C’è un terzo tratto della sua personalità che si intreccia e si fonde con gli altri due (la calma e la relazione peculiare, simbiotica, con la Natura in senso lato): il rispetto per il lavoro e per l’oggetto del lavoro. Quando fa una scultura (è uno straordinario e originalissimo intagliatore), ma anche quando taglia un albero o fa legna o cura le galline o ripara un qualche aggeggio, c’è sempre una sorta di cura amorevole mai esibita nel gesto ma che nasce da dentro e anima segretamente l’azione. Il modo in cui tocca il legno o gli attrezzi, ma anche la corda quando si preparava per andare sul ghiacciaio, il rapporto che un tempo aveva coi cani (e con gli animali in genere, anche quando li cacciava): mai puramente strumentale, mai “antropomorfizzante”: rispetta le distanze, riconosce istintivamente un ordine e una gerarchia, eppure sembra sempre che chieda il permesso. Lui, guascone con gli umani, si trasforma quando è solo col mondo e con la natura: non ci sono più gara o sfida, cessa ogni spirito competitivo, non deve dimostrare niente a nessuno, la montagna non è un avversario da conquistare ma un’amica che sai più forte di te e con cui convivi amandola e rispettandola come una compagna di vita. C’è molto di arcaico o di primitivo, nel senso etnologico del termine, in questo approccio: mi vengono in mente lontane letture di Colin Turnbull o i reportage sugli Yanomami. Ma in lui c’è anche una sorta di disciplina interiore di cui oggi si son perdute le tracce.
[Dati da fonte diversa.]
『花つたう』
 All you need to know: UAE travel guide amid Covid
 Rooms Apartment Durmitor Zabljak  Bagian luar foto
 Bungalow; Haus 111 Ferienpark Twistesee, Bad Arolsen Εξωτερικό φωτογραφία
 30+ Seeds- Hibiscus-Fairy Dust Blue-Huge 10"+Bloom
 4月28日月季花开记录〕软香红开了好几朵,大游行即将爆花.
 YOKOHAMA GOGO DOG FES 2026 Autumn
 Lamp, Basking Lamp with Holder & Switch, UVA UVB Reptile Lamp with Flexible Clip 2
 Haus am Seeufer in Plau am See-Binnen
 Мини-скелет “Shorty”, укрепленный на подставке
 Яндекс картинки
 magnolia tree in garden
Personalmente penso che il caso governi le nostre vite; poi sta a noi trasformare il caso in destino. Le occasioni di vita di Louis son state casuali e, nello stesso tempo, obbligate dal contesto ambientale e sociale: lui ha saputo farle proprie e crescere con esse. La sua figura appartiene a un mondo apparentemente immutabile, e remoto rispetto alla frenesia, al narcisismo, alla superficialità sovreccitata della nostre vite; ma i suoi valori, anche inconsapevoli, hanno ancora un significato per chi cerca una via d’uscita.